PROMPT
Look through the data below for the line with "Support de plaque" and the line with "Подошва жен. Киров 80479 р. 38, цв. белый", then output those two and all lines in between, exactly as written.

SUPPLIED INFORMATION
%%
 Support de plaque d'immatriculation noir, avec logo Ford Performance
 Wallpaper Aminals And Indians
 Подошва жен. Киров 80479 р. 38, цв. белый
%%
%%
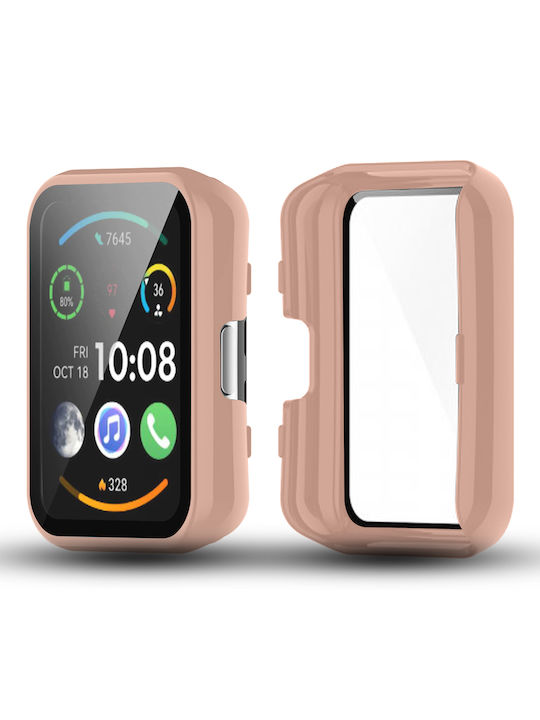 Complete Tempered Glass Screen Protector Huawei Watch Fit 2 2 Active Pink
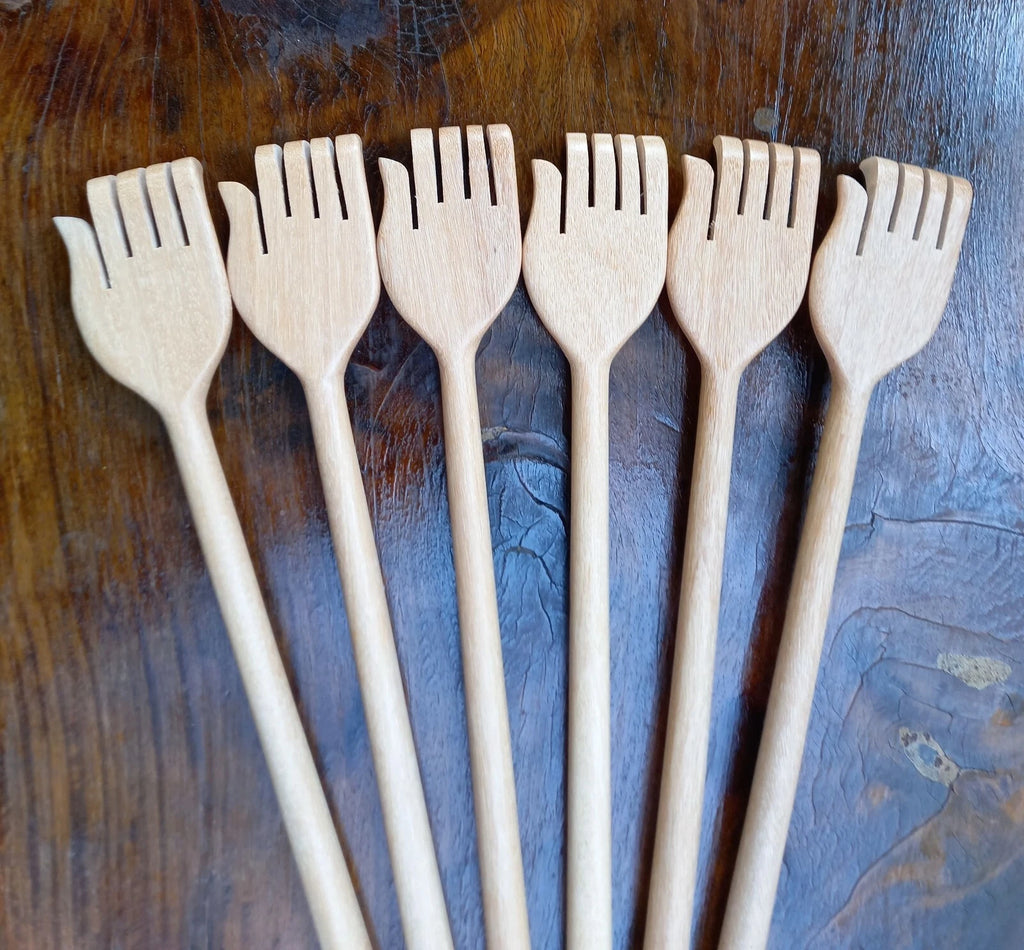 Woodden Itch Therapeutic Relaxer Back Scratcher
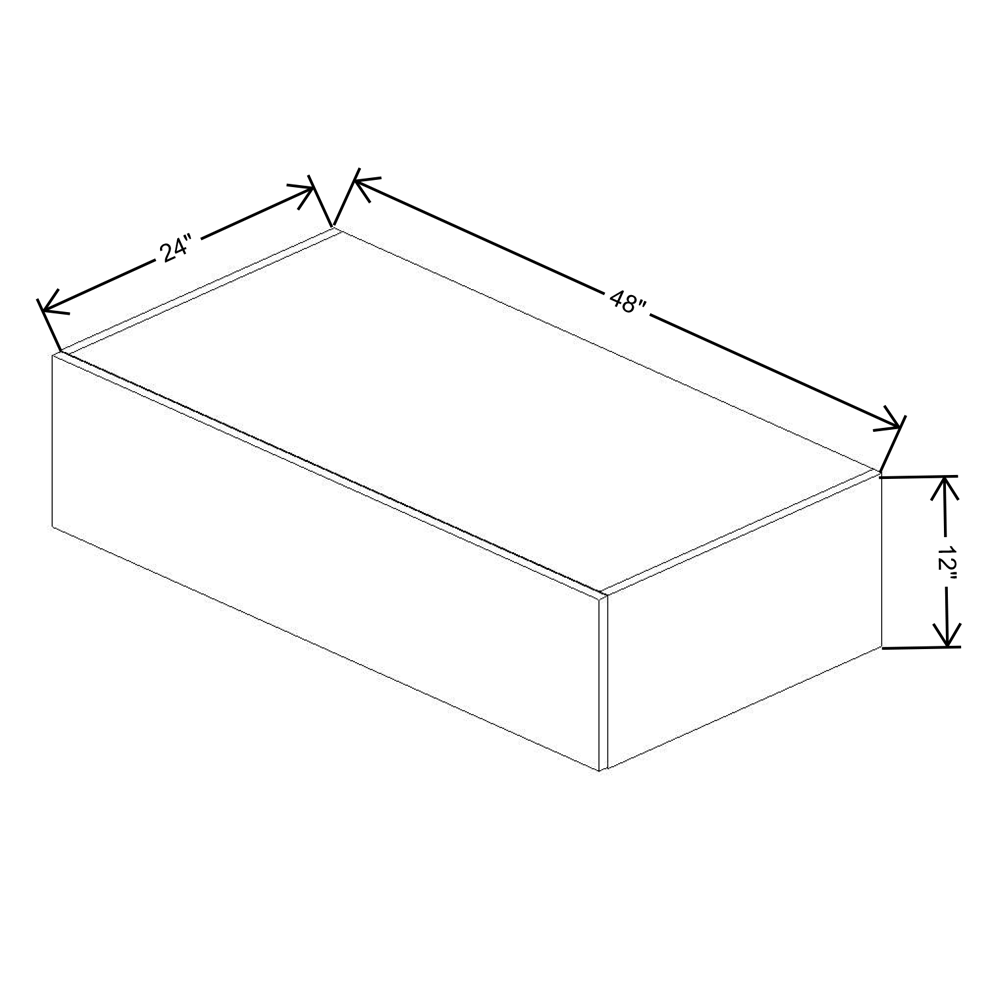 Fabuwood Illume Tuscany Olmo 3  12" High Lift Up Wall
%%
OUTPUT BELOW
 Support de plaque d'immatriculation noir, avec logo Ford Performance
 Wallpaper Aminals And Indians
 Подошва жен. Киров 80479 р. 38, цв. белый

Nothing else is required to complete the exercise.